See the full chart on Figure 11, page 16 of the report

AI has risen greatly in prominence over the last year with the emergence of natural language processing chatbots driven by generative AI technology. How this technology will be leveraged, potentially by criminals, or how it could impact current business practices remain key concerns for the future. With an increasing resilience by the financial industry on cloud computing, firms also fear for the potential concentration risk of the industry relying on key technology suppliers. 

Steve Bishop, ORX Research & Information Director comments:


“The high levels of concern about technology & digital strategy as an emerging risk factor points to an increasingly integrated, digital and data-driven working environment and risks around the growing reliance on key technology service providers."  

“Firms are telling us that the rapid development of generative AI is speeding up the adoption of new tools to keep pace with innovation and maintain competitiveness. But there are significant risks around this, including those related to data protection and regulatory compliance. Firms also want assurance over the design, integrity and reliability of AI based models. All this needs significant investment in risk management capability.”
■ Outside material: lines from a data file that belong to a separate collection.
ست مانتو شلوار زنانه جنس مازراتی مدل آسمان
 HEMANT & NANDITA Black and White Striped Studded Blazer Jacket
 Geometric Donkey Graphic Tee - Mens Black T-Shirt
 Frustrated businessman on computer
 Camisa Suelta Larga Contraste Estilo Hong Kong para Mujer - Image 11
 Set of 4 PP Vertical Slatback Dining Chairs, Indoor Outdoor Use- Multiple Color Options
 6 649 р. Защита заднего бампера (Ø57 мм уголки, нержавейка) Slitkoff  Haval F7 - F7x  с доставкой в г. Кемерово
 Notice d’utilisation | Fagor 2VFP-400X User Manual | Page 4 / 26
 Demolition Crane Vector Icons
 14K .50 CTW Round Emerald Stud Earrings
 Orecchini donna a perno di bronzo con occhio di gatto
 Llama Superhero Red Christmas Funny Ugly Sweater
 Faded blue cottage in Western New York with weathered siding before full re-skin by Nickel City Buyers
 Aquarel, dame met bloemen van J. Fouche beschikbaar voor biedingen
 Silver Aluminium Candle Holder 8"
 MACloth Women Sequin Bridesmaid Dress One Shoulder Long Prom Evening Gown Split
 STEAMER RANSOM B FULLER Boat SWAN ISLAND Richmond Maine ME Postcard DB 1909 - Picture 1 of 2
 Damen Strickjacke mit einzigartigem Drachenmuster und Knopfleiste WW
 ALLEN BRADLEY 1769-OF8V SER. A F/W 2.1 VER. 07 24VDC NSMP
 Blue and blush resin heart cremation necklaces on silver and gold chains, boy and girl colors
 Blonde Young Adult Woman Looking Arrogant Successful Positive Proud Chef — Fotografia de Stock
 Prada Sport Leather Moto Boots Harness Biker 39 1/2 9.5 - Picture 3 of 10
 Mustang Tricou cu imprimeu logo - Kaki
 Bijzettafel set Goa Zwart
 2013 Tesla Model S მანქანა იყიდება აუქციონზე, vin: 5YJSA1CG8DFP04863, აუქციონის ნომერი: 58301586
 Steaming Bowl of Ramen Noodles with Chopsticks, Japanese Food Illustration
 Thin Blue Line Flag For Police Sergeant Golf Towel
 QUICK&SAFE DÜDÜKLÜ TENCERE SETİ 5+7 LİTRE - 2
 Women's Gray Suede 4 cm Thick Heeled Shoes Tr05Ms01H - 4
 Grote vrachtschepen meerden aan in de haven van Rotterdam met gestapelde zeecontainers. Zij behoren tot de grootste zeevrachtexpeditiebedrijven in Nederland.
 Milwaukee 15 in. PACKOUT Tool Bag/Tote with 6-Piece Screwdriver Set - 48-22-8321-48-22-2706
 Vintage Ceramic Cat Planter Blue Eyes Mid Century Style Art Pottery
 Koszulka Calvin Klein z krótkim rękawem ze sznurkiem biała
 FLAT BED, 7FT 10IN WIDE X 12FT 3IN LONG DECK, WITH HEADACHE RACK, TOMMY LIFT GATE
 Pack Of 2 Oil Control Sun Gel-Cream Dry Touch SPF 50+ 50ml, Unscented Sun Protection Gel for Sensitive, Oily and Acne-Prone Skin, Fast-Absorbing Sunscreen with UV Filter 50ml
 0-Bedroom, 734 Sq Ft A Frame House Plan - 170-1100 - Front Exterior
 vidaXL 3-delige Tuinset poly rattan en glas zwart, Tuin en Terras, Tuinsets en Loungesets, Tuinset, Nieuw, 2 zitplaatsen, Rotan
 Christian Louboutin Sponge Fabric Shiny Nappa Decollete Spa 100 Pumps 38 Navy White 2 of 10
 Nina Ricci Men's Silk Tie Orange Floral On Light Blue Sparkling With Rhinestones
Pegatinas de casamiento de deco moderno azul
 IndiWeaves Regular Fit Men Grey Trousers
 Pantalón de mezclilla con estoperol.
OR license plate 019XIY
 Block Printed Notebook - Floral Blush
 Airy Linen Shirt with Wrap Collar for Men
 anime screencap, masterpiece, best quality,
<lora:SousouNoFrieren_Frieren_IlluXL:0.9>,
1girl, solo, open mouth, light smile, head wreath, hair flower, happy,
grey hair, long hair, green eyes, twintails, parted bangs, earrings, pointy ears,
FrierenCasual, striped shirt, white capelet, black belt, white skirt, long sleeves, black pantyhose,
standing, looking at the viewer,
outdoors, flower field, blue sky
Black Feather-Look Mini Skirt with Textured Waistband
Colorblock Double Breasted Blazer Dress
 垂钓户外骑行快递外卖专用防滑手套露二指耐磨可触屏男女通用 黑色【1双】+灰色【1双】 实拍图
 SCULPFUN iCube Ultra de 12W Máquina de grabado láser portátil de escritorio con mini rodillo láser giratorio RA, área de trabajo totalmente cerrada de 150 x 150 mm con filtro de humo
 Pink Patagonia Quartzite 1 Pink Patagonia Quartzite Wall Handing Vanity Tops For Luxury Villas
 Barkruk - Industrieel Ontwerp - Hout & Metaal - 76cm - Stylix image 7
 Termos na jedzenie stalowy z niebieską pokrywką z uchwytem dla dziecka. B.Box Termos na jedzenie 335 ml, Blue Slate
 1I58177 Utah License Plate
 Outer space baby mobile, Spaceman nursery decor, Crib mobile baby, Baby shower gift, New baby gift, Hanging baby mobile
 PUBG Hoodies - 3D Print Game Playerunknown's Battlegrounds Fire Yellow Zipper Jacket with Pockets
Key risk challenges in AI adoption highlighted in the report include: 

Monitoring and control  

  1. ‘Loss of control’ over outputs from AI and machine learning tools  
  2. Unexpected or inaccurate algorithmic results causing potential reputational damage  
  3. Skills shortages or lack of training
  4. Reliance on manual controls to ensure accuracy of AI outputs  

Ethics, data privacy and regulation  

  1. Unregulated nature of AI increases the risk of fraud or cyberattacks 
  2. Data privacy concerns due to a lack of confidence in data storage, transmission and use 
  3. Guidance on the ethical use of AI in business decision-making is limited 
  4. Generative AI may use data that is protected by copyrights or IP rights, which could be breached  

Cybersecurity threats  

  1. AI tools are reducing the barriers to entry for cyberattacks
  2. The capability for AI tools to be used to by-pass existing controls, identifying vulnerabilities  

Key risk challenges around cloud computing cited in the report include: 

Limited number of suppliers and the associated concentration risk  

  1. Disruption or cyberattacks on these suppliers can cause widespread outages
  2. Supplier performance issues may have downstream impacts 
  3. Limited supplier resources may restrict growth opportunities  

Data security, management, and control  

  1. Firms report a lack of visibility and monitoring around cloud service providers’ 
  2. Security and availability of client and customer data 
  3. Monitoring and maintaining compliance with cross-border regulations  

Effective supplier management  

  1. Switching between suppliers may be prohibitive due to cost and complexity  
  2. Ineffective monitoring of supplier usage may lead to unbudgeted or unexpected costs  

Steve Bishop also adds:


“We need to be closely monitoring the development and application of AI – tackling the challenge of managing the increasing reliance on third parties, whilst also boosting technical expertise inhouse with education and training to help mitigate the risk. 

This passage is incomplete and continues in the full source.